Last week it hovered around 20 degrees all night with some wind and in that kind of weather it’s tough to get anything done. But I’ve found a solution. My folks used to work back on the farm in Minnesota so one of the first things they would do before going outside was to throw on a pair of insulated coveralls.

Be the envy of your astronomy friends by looking exactly like Dr. Venture, and as an added benefit it’s hard to use the restroom!
Seriously though. Duluth Trading Company and Dickies both make these. You can get them with arms or without. Links coming down. Here and Here.
Of course they don't have to be Dickies or Duluths but they are well known clothing companies that don't skimp on making quality outerwear.
I know you guys back east have been seeing unseasonably warm temperatures, but believe me it'll get cold for you too, and you'll be happier with a pair on when it does get cold. You can literally throw these things on in seconds and I've found them to be extremely nice and warm.
Another thing I've found, that is immensely better than cutting a fingertip off your gloves are these, here.

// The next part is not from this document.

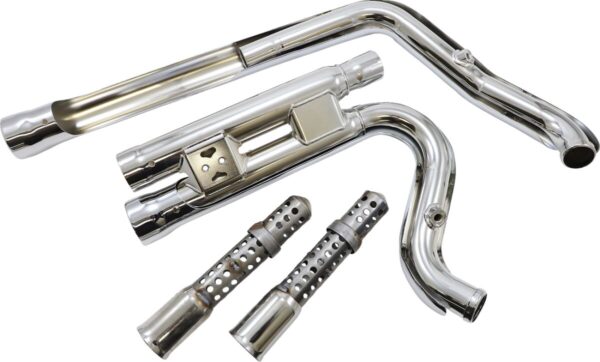Speedster 909 Exhaust System - Image 3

These allow you to use your smartphones, which are becoming an increasingly necessary item with go-to scopes with amateurs, as well as being a handy reference for people with more expertise. Or a means of controlling your entire telescope as with the Celestron Evo's.
By the way, if you're operating a cellphone at a black sight, you'll blow up your eyes looking at the screen, but many apps now transform your cellphone into a nightime red light. Here is one.

Use this thread to discuss the nice and the necessary things you have to do in order to be observing in these winter months. Remember never to operate below your telescope, or your electronics', temperature limit.
I wouldn't be afraid to wear one to a star party. ****, let them freeze! I've got scienceing to do!
Hey! Just move to Long Island, NY! Record- breaking temps! T-shirt weather, and it's Christmas time! Love it! Can't view the Heavens for the clouds and fog, but NO SNOW!!!!